Adequate TBB specimens were available in 34 UIP cases (85% of all UIP cases). TBB contained histopathologic criteria to suggest a UIP pattern (ie. at least one of three pathologic features of UIP present; patchy interstitial fibrosis, fibroblast foci, honeycomb changes) in 12 cases (30% of all UIP cases). Sensitivity, specificity, positive and negative predictive values for the two pathologists were 30% (12/40), 100% (24/24), 100% (12/12), 46% (24/52) and 30% (12/40), 92% (22/24), 86% (12/14), 55% (22/40) respectively.

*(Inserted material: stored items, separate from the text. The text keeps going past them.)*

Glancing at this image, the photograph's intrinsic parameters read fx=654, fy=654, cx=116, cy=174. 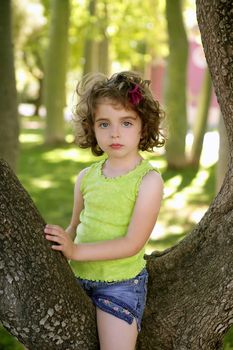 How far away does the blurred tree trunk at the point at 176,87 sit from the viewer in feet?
39.1

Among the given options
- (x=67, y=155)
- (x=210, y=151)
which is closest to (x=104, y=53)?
(x=210, y=151)

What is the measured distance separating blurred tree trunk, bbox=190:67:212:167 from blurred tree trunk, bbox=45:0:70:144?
3965 mm

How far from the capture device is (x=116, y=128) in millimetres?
2641

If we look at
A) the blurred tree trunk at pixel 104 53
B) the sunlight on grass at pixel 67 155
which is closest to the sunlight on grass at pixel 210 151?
the sunlight on grass at pixel 67 155

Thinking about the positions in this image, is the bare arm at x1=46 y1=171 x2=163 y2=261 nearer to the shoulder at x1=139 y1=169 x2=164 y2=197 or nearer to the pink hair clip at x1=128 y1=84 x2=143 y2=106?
the shoulder at x1=139 y1=169 x2=164 y2=197

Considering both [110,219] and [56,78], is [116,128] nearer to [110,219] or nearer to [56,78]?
[110,219]

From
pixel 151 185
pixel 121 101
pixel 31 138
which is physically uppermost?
pixel 121 101

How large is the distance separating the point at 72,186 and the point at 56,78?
498 cm

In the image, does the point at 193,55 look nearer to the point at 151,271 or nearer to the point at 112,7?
the point at 112,7

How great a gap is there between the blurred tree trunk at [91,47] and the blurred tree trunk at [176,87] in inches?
186

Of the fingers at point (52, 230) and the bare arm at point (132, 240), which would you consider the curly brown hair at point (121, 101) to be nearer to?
the bare arm at point (132, 240)

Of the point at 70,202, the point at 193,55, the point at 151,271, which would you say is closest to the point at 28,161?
the point at 70,202

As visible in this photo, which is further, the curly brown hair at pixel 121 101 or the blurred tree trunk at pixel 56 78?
the blurred tree trunk at pixel 56 78

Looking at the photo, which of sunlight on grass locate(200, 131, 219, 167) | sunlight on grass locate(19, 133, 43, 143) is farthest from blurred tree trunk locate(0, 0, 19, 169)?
sunlight on grass locate(19, 133, 43, 143) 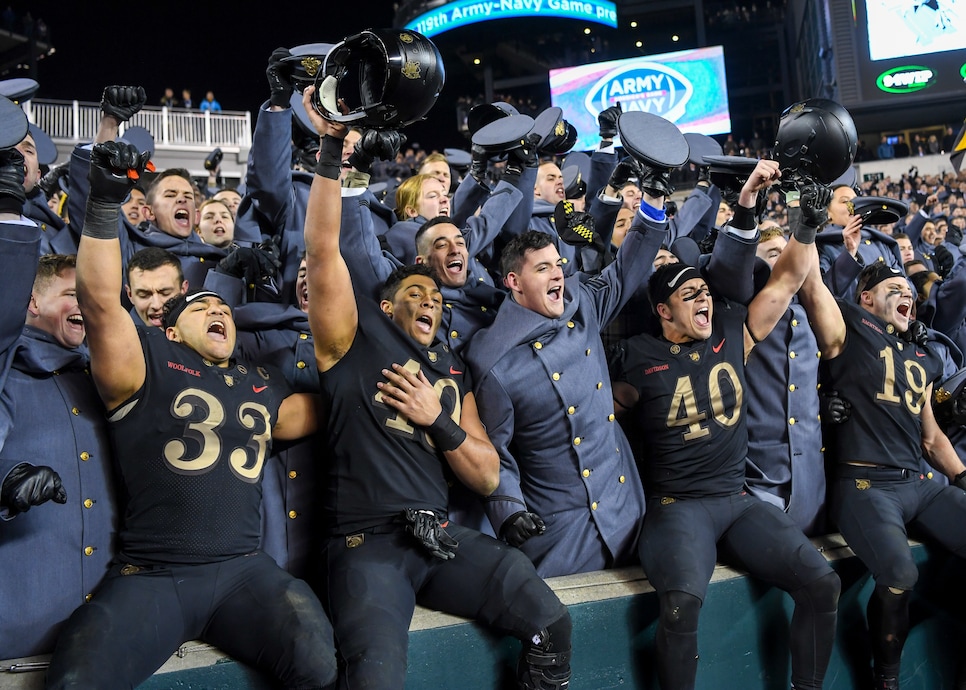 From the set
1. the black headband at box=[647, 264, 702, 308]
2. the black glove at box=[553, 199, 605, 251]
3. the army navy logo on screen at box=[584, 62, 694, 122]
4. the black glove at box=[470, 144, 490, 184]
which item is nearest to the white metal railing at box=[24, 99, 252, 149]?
the army navy logo on screen at box=[584, 62, 694, 122]

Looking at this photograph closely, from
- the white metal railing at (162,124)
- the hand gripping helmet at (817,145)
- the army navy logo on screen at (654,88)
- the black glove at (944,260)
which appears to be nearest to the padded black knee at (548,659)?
the hand gripping helmet at (817,145)

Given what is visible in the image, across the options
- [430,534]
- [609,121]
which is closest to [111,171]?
[430,534]

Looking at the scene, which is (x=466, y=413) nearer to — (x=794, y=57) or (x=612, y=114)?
(x=612, y=114)

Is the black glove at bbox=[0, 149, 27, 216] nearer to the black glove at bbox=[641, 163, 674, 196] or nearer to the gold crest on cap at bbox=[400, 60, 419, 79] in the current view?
the gold crest on cap at bbox=[400, 60, 419, 79]

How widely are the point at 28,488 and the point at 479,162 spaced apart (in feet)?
10.9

Kappa coefficient of agreement between pathologists was good (0.61, 95% CI 0.31-0.91). The likelihood of identifying UIP on TBB increased with the number and size of the TBB specimens.
Although sensitivity is low our data suggest that even modest amount of patchy interstitial fibrosis, fibroblast foci, honeycomb changes detected on TBB can be highly predictive of a UIP pattern. Conversely, the absence of UIP histopathologic criteria on TBB does not rule out UIP.

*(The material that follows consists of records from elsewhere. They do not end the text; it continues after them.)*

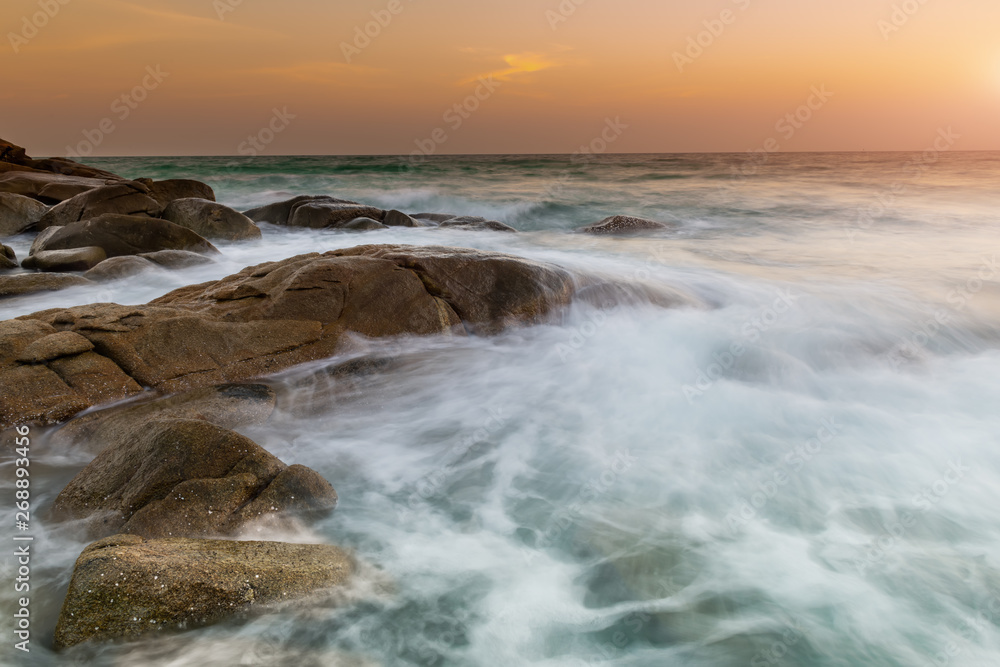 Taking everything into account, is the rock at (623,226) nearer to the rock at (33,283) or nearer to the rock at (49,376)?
the rock at (33,283)

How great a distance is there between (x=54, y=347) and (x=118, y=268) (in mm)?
4076

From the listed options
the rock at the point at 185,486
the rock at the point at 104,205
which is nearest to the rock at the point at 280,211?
the rock at the point at 104,205

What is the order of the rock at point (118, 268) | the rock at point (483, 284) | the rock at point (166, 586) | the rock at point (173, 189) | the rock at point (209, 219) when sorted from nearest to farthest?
the rock at point (166, 586) < the rock at point (483, 284) < the rock at point (118, 268) < the rock at point (209, 219) < the rock at point (173, 189)

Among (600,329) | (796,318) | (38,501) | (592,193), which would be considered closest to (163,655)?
(38,501)

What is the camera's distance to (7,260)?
29.4 feet

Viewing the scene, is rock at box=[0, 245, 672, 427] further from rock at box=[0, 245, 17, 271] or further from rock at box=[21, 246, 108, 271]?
rock at box=[0, 245, 17, 271]

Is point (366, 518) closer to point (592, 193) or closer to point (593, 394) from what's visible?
point (593, 394)

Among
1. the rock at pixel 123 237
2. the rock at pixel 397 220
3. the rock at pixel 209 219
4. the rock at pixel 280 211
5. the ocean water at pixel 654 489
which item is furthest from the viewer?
the rock at pixel 280 211

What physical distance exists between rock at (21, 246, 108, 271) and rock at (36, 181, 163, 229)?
2796mm

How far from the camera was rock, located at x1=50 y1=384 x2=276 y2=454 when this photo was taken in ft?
12.9

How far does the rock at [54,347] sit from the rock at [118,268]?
148 inches

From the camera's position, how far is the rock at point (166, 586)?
91.7 inches

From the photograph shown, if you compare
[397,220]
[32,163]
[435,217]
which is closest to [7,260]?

寻常型间质性肺炎(UIP)是特发性肺纤维化(IPF)病理或放射学诊断的必要特征。经支气管镜活检(TBB)识别 UIP 的预测价值目前尚不清楚。本研究的目的是评估经支气管镜活检(TBB)中寻常型间质性肺炎(UIP)的组织病理学标准的准确性,并评估 TBBx 在预测 UIP 模式中的有用性。我们对 40 例已确诊的 UIP 病例和 24 例非 UIP 间质性肺疾病的 TBB 标本进行了回顾性盲法和对照分析。

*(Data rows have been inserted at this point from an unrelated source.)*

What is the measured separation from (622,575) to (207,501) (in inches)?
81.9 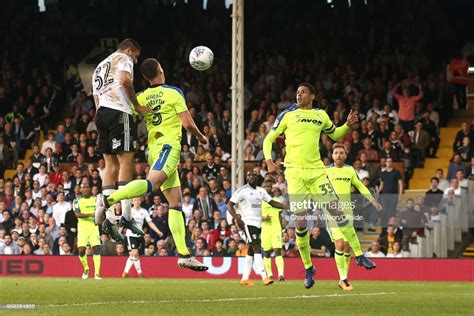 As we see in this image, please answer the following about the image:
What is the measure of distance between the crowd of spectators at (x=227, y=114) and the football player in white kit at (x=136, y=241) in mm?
234

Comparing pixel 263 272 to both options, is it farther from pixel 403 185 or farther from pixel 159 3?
pixel 159 3

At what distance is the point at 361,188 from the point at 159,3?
16724 mm

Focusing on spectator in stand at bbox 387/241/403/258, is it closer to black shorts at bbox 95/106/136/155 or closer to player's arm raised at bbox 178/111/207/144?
black shorts at bbox 95/106/136/155

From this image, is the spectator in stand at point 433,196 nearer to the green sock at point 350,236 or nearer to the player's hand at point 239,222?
the player's hand at point 239,222

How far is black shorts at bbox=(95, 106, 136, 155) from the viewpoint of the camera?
14.1 metres

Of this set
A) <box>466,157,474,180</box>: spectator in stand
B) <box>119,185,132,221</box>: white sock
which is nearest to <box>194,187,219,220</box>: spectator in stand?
<box>466,157,474,180</box>: spectator in stand

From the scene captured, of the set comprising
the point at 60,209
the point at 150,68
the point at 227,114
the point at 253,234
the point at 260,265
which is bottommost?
the point at 260,265

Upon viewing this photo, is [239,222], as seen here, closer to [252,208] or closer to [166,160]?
[252,208]

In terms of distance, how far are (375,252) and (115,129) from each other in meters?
12.2

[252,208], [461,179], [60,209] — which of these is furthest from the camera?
[60,209]

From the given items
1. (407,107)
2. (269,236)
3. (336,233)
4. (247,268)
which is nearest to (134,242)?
(269,236)

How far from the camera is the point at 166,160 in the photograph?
45.4ft

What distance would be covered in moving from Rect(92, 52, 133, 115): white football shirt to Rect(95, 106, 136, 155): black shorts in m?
0.08

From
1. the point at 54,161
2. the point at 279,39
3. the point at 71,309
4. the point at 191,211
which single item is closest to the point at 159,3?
the point at 279,39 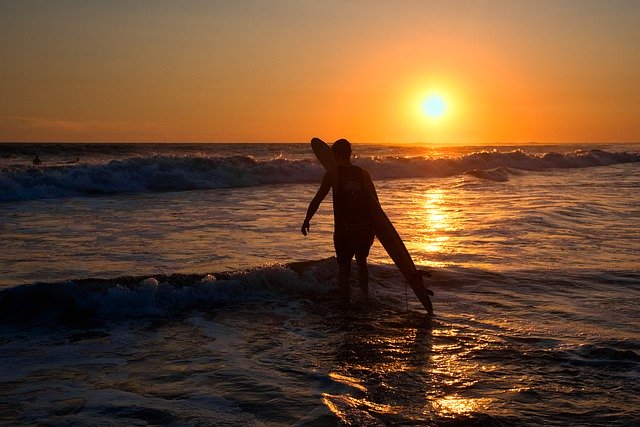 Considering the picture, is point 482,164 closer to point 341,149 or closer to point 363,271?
point 363,271

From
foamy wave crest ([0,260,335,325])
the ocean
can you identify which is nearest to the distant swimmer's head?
the ocean

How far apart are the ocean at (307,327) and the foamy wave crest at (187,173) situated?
10183mm

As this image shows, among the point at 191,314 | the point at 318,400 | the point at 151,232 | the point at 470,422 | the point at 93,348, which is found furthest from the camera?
the point at 151,232

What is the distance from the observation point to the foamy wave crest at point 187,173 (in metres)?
25.1

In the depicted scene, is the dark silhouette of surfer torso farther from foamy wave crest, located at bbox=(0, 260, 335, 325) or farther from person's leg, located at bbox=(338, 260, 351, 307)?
foamy wave crest, located at bbox=(0, 260, 335, 325)

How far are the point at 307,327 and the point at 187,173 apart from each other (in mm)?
25477

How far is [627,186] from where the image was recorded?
26969 mm

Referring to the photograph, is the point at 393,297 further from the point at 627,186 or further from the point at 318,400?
the point at 627,186

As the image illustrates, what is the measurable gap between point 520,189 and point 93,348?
2363 cm

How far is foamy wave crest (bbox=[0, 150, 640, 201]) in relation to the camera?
82.3 feet

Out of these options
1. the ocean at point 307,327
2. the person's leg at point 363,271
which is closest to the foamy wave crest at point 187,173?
the ocean at point 307,327

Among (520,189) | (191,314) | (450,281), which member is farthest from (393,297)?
(520,189)

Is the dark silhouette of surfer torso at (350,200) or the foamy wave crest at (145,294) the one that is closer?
the foamy wave crest at (145,294)

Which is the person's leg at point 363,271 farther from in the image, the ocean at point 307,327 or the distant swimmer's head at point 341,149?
the distant swimmer's head at point 341,149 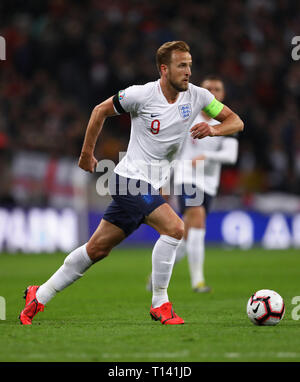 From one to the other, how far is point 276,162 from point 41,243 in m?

34 例 UIP 病例(所有 UIP 病例的 85%)获得了足够的 TBB 标本。TBB 中存在组织病理学标准提示 UIP 模式(即存在 UIP 的三个病理特征之一;斑片状间质纤维化、成纤维细胞灶、蜂窝改变)的 12 例(所有 UIP 病例的 30%)。两位病理学家的敏感性、特异性、阳性和阴性预测值分别为 30%(12/40)、100%(24/24)、100%(12/12)、46%(24/52)和 30%(12/40)、92%(22/24)、86%(12/14)、55%(22/40)。病理学家之间的一致性kappa 系数为 0.61(95%CI 0.31-0.91)。TBB 上识别 UIP 的可能性随着 TBB 标本的数量和大小的增加而增加。
尽管敏感性较低,但我们的数据表明,即使 TBB 上检测到少量斑片状间质纤维化、成纤维细胞灶、蜂窝改变也可高度预测 UIP 模式。相反,TBB 上不存在 UIP 组织病理学标准并不能排除 UIP。